AIM OF THE EXERCISE - Although the records contain pictures, none belong in the copy: restate word for word only the lines from the one with "Carmela Shoes Platform" through the one with "VOLCOM Freshdust Workwear Jacket - Brindle", both included.

GIVEN INFORMATION -
---*---
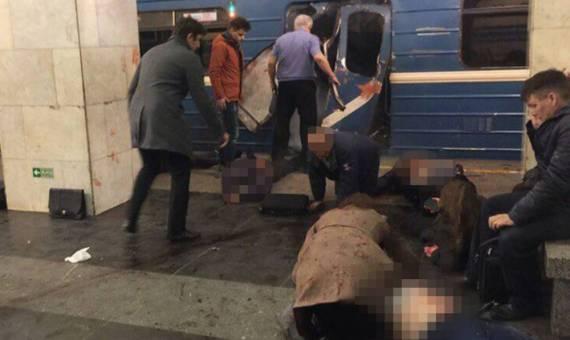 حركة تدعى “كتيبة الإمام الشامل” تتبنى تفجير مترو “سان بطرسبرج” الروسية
---*---
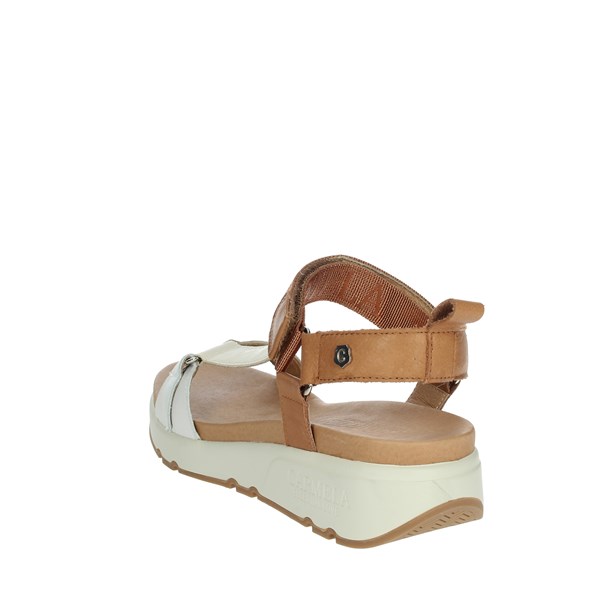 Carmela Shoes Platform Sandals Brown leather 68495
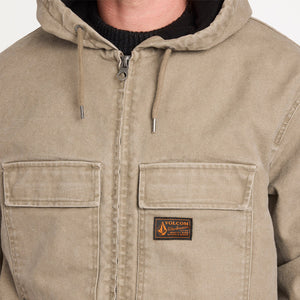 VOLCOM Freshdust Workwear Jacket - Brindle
---*---
OUTPUT BELOW -
 Carmela Shoes Platform Sandals Brown leather 68495
 VOLCOM Freshdust Workwear Jacket - Brindle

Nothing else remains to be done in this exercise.